Cape Charles is considered Ground Zero for the resulting
56-mile-wide depression below what's now the Chesapeake
Bay. The drilling project marks the first time the geologists
explored the inner portion of the inverted-sombrero-shaped
crater.

"We expected to see some pretty strange rocks because of the
extreme pressure and temperatures that occurred" approximately
35 million years ago, said geologist Greg Gohn, who led the
$180,000 project for the U.S. Geological Survey.

Over the past decade, USGS and Virginia scientists have
investigated indications that a 2-mile-wide brilliant ball
traveling tens of thousands of miles per hour crashed off the
Virginia coast, burrowing thousands of feet and depressing and
fracturing the bedrock.

Billions of tons of ocean water vaporized. Millions of tons of
debris spewed 30 miles high before collapsing back into the
excavation. A train of giant waves inundated the land. The
waves then dragged debris as they washed back into the crater,
preserving it beneath a blanket of rock and sediment.

It probably took just a few minutes to create the largest crater
in the United States and sixth-largest known on the planet,
according to computer simulations.

The catastrophe squeezed freshwater from many of the aquifers of
southeastern Virginia and filled others with briny water.
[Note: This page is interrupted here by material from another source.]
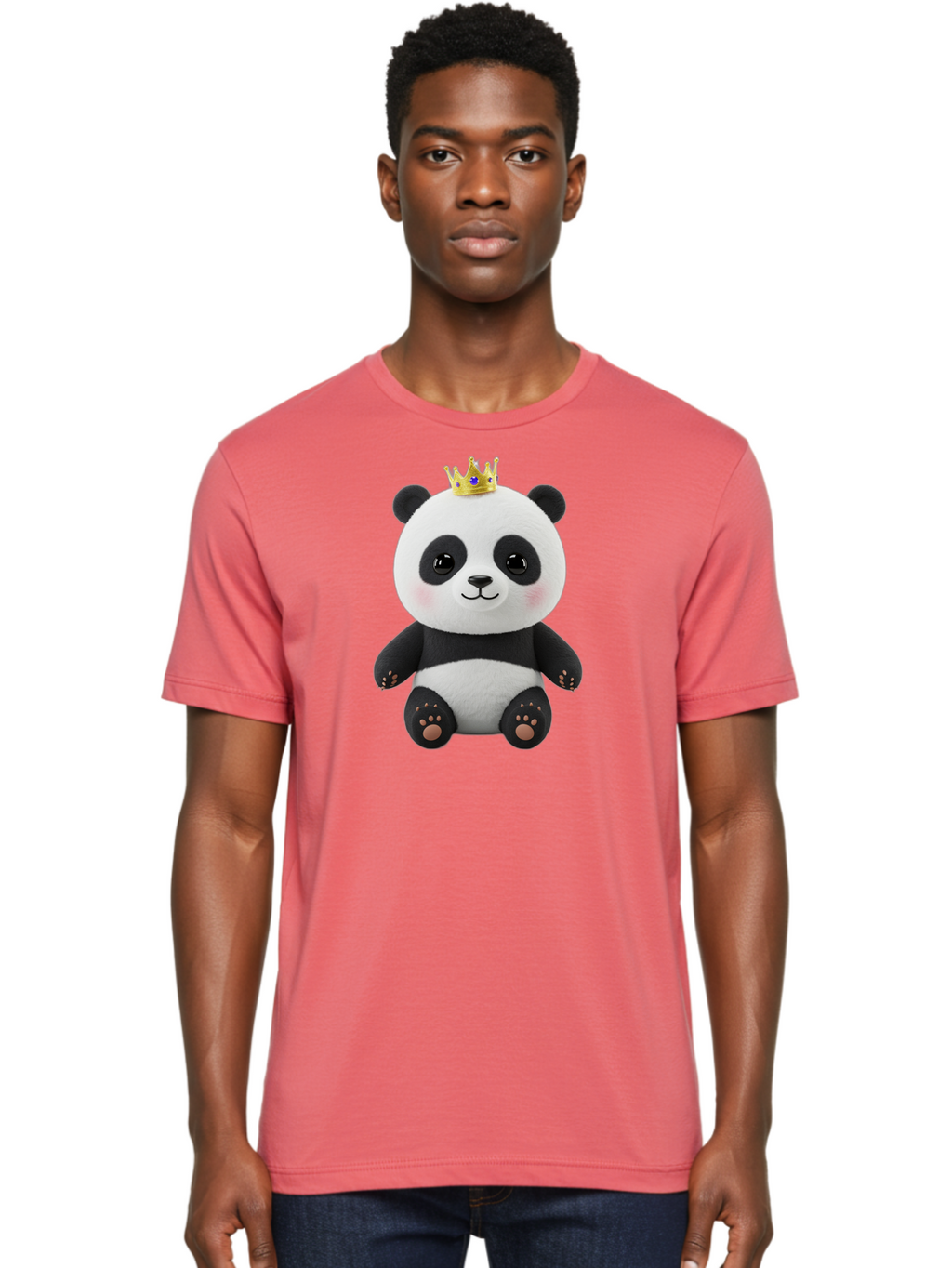 Panda-With-Crown-1 Men'S Graphic Tee, 100% Cotton, Comfortable Casual Summer Wear, Machine Washable, Cute Panda Bear, Plush Toy, Crown On Head, Adorable Face, Soft Toy, Black And White Panda, Crown Jewel, Royal Treatment, Baby Panda, Bae608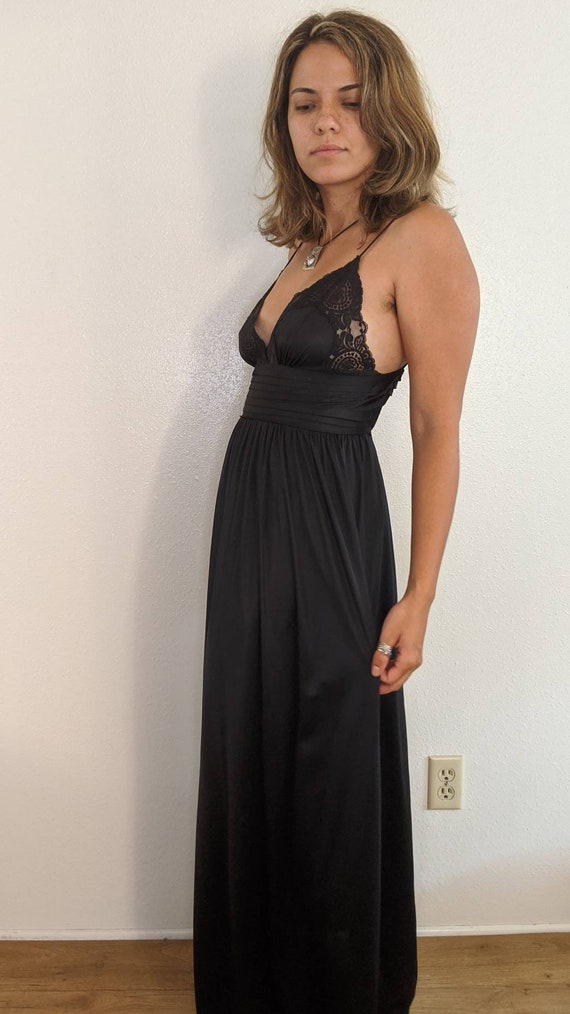 Vintage open back lace satin maxi dress slip gown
Its
legacy is well-known to residents who try to drill for drinkable
groundwater and encounter the saltwater "wedge," pockets of
brine nestled in an arc from the lower Eastern Shore to the
Hampton Roads-Newport News area.

Geological research off the coast of New Jersey and in Virginia,
begun in 1983, led to the crater's discovery a decade later.
Drilling and further study of seismic data narrowed the location
in the Chesapeake Bay.

"We're getting evidence about how hot this thing (was) and what
was the energy," said USGS hydrologist David Powars, one of
those credited with the crater's discovery.

More clues to the space rock's identity will come from cores taken
in the drill's final 280 feet.

A $1.2 million proposal to dig 7,000 feet not far from Cape Charles
is before the International Continental Scientific Drilling Program,
which would then assist the USGS with funding.